JEFF The Brotherhood is one of the rising forces on Nashville’s lively garage rock scene. The real-life brothers Jake and Jamin Orrall have not only been making themselves a name as tireless tourers but also granting wider exposure to their musical peers via the Infinity Cat label co-founded by father Robert Ellis Orrall. Having upped their profile with a record deal via Warner Bros., a well-received 2011 album ‘We Are the Champions’, late night show appearances and, oddly enough, by backing Insane Clown Posse on a single released on Jack White’s Third Man label, it seems likely they’ll be seeing a wider audience on their latest tour.
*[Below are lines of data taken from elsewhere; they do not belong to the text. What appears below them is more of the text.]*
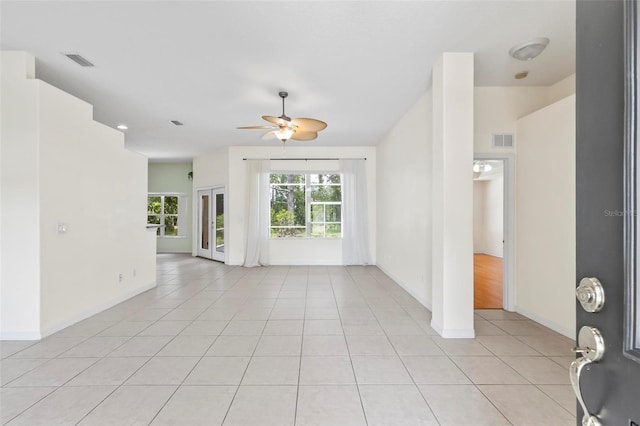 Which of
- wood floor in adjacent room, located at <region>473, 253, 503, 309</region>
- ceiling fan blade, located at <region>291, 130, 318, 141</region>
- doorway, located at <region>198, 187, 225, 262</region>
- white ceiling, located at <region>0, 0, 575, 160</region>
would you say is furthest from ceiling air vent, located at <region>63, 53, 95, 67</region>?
wood floor in adjacent room, located at <region>473, 253, 503, 309</region>

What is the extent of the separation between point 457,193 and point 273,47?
7.73ft

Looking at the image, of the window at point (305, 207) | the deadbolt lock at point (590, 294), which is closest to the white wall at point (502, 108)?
the deadbolt lock at point (590, 294)

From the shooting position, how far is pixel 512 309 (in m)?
3.88

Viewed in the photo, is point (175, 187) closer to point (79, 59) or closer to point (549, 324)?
point (79, 59)

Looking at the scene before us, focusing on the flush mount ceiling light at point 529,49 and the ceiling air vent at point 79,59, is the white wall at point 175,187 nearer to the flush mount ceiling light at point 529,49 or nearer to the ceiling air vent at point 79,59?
the ceiling air vent at point 79,59

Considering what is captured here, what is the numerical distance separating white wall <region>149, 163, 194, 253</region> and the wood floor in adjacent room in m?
8.14

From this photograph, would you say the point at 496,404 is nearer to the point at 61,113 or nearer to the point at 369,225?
the point at 61,113

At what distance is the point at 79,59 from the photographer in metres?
3.20

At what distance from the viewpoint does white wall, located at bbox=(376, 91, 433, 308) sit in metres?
4.05

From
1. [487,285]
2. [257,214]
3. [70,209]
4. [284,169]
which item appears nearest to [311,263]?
[257,214]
That was certainly the case for their Ottawa show. Even on a Monday, Babylon was looking very full. This may in part be due to their popular opening acts, Dagger Eyes and the White Wires.
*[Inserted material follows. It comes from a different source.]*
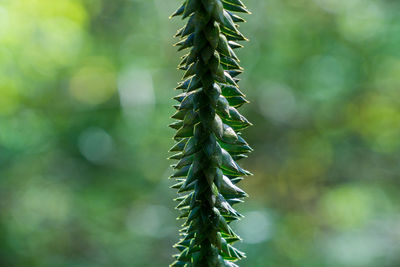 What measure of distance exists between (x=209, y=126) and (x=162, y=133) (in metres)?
8.89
Dagger Eyes were born out of shouty local quartet The Suppositories, and still play some of that band’s material. Their minimalist and occasionally brutalist art-punk is heavily inspired by Wire and sounded exceptionally tight. It inspired one audience member to start his own (highly annoying) personal mosh pit.
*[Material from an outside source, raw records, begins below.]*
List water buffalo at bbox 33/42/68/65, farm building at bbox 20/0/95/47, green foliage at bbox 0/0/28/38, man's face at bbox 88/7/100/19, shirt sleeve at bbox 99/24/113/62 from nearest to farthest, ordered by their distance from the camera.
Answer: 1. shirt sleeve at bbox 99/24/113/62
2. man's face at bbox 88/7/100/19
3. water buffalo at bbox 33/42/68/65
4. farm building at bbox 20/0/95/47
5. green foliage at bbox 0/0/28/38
The White Wires are one of Ottawa’s most popular acts, and the news they would be retiring to the studio to work on the sequel to the Dirtnap-released ‘WWII’ (to be called, of course, ‘WWIII’) likely encouraged a few folks to show up to bounce along to a brief but energetic set that included a cover of the Ramones ‘I Need Your Love’ and ended with a request for ‘Ha Ha Holiday’.

Finally the brothers Orrall took the stage. Enshrouded in a cloud of white smoke, illuminated from within by a single flood light, all that was visible was the bare outline of Jaymin Orrall’s drums.

Soon enough, waves of fuzz-guitar emerged from the murk. Jake’s voice is a bit like River Cuomo’s, and the breakup-oriented material on the band’s latest album has launched many Weezer comparisons, although Jake’s three-string Perspex-bodied custom guitar means that riffs are a lot more common than leads.

“This our third time here,” observed Jake. “But our first time on stage.” Indeed, at previous gigs, they played off the floor, but their burgeoning audience has changed that.

Soon enough, the crowd was jumping up and down (and, due to that one annoying mosher, occasionally rebounding) to the band’s lovelorn distorto rock.